Leveraging a long history of collaboration, the three organizations worked in parallel to define the debugging interfaces and port the TotalView debugger, simultaneous to the development of the Blue Gene/Q hardware. TotalView engineers at Rogue Wave were able to begin validation and finalize the hardware-specific development shortly after the first Sequoia system was powered on. As a result of this successful collaboration, Rogue Wave Software has delivered to LLNL a pre-release version of TotalView,  its massively parallel, interactive and automated debugging tool.

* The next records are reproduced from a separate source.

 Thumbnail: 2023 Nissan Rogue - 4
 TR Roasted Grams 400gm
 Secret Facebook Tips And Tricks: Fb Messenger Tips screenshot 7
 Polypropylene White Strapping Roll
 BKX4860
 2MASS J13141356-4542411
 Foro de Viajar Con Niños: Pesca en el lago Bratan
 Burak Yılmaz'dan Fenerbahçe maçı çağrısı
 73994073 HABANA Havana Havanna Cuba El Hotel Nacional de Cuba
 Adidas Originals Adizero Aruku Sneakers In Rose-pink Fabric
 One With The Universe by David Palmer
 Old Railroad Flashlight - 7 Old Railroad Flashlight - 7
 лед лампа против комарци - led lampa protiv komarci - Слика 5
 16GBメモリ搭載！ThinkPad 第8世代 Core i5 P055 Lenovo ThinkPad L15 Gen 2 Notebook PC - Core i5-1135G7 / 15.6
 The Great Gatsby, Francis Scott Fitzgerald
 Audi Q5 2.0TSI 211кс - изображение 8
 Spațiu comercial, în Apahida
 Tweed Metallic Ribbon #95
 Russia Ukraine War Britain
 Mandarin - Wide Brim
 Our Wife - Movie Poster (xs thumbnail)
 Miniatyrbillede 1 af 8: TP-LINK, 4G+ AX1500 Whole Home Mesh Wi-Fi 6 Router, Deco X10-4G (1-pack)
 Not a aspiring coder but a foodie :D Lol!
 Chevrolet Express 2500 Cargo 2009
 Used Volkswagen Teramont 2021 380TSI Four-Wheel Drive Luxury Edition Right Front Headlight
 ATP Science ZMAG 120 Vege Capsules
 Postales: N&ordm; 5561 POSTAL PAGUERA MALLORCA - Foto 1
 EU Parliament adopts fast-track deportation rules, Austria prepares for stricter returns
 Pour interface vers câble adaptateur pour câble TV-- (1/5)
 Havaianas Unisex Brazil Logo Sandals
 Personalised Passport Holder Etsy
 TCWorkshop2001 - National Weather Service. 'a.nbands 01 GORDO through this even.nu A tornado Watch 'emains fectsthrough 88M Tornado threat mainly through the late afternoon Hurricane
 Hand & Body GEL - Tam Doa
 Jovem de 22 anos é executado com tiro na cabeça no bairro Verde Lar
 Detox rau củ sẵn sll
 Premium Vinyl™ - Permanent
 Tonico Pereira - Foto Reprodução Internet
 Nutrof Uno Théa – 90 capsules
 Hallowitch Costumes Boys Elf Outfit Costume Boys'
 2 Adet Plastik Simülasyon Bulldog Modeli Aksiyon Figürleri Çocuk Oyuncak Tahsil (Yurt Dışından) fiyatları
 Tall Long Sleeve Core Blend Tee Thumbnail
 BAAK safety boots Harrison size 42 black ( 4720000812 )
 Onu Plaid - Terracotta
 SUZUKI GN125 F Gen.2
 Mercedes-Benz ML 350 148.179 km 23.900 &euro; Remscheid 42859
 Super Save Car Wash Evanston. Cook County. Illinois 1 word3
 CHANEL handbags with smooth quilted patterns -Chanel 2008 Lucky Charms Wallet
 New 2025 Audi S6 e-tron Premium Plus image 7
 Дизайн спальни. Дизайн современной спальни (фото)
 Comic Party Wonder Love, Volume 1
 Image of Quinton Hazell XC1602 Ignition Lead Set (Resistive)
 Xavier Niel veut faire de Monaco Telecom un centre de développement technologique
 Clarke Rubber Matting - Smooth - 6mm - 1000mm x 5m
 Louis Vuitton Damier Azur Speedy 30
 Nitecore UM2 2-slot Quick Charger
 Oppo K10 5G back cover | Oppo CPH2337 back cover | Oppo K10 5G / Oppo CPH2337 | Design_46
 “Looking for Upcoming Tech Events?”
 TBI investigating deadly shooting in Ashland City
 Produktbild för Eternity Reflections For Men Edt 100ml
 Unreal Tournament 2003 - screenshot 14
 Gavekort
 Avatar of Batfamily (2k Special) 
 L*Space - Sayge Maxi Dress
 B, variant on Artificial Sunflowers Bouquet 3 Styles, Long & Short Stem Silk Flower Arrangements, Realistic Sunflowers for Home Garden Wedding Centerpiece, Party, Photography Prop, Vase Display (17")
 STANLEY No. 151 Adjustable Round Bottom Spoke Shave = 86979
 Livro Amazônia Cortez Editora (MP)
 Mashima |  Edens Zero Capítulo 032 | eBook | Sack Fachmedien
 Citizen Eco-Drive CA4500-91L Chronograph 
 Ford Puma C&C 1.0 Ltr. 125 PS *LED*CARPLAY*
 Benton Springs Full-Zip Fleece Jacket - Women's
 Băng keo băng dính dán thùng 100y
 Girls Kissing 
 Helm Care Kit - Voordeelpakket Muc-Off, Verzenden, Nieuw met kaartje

When it is deployed later this year at LLNL, Sequoia is expected to deliver 20 petaflops peak, double the speed of the fastest system currently on the TOP500 list. LLNL plans to use Sequoia’s impressive computational capability to advance understanding of fundamental physics and engineering questions that arise in the National Nuclear Security Administration’s (NNSA) program to ensure the safety, security and reliability of the United States’ nuclear deterrent without testing. Sequoia will also support NNSA/ DOE programs at LLNL that focus on nonproliferation, counterterrorism, energy, security, health and climate change. IBM's historic role in developing supercomputers that provide the power behind critical applications across a wide array of industrial and laboratory clients has uniquely positioned them to be able to provide Sequoia for the vital functions that are LLNL's responsibility.

TotalView is a comprehensive parallel source code debugging and memory error detection tool that dramatically enhances developer productivity by simplifying the process of debugging parallel, data-intensive, multi-process, multi-threaded or network-distributed applications.  “Our software development teams create some of the most sophisticated computational models of physical systems anywhere. These models represent many physical effects and span large scales in both time and space,” says Jim Rathkopf, Associate Program Director of Computational Physics at LLNL. “Understanding what's happening in these large multi-physics codes running on thousands of processors is really hard, especially when things aren't working correctly. We rely on tools provided by folks like Rogue Wave to help us develop our codes and verify that they are working correctly, but also to find problems that come up both in development and production.”